Entanglement Spectrum of Su-Schrieffer-Heeger-Hubbard Model

TL;DR

This paper analyzes the entanglement spectrum of the Su-Schrieffer-Heeger-Hubbard model to identify topological phases through eigenvalue degeneracies, providing insights into bulk-edge correspondence and a method applicable to other topological systems.

Contribution

It demonstrates that the entanglement spectrum's eigenvalue degeneracy can identify topological phases without open boundary conditions, offering a new approach for studying topological matter.

Findings

Degeneracy of entanglement spectrum eigenvalues indicates topological phases.

Periodic boundary conditions suffice for phase diagram determination.

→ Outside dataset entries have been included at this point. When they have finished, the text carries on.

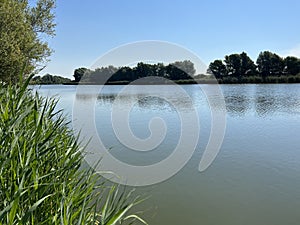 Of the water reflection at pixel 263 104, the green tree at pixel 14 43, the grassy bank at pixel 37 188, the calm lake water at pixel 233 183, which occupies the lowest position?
the calm lake water at pixel 233 183

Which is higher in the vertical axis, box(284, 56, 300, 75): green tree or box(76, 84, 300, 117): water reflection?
box(284, 56, 300, 75): green tree

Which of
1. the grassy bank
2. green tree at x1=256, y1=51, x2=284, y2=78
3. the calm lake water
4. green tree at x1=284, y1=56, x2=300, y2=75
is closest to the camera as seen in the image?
the grassy bank

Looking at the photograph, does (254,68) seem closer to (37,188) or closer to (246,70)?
(246,70)

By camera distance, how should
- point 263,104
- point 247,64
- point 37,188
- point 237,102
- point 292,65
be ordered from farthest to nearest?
point 247,64, point 292,65, point 237,102, point 263,104, point 37,188

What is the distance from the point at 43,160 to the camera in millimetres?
2262

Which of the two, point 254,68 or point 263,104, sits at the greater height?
point 254,68

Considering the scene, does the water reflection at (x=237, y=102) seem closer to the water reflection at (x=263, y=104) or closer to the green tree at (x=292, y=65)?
the water reflection at (x=263, y=104)

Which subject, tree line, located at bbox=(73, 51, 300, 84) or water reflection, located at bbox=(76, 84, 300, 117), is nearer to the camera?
water reflection, located at bbox=(76, 84, 300, 117)

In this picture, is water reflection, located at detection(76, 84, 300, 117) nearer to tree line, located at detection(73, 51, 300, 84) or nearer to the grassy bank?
the grassy bank

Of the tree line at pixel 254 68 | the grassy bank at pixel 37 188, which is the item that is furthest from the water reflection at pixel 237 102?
the tree line at pixel 254 68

Bulk-edge correspondence is interpreted through entanglement spectrum analysis.

Abstract

We investigate the entanglement spectrum of the ground state of Su-Schrieffer-Heeger-Hubbard model. The topological phases of the model can be identified by degeneracy of the largest eigenvalues of entanglement spectrum. The study of the periodic boundary condition is enough to obtain the phase diagram of the model, without the consideration of the open boundary condition case. Physical interpretation about the bulk-edge correspondence in the entanglement spectrum is presented. The method of the entanglement spectrum can be applicable in studying other topological phases of matter.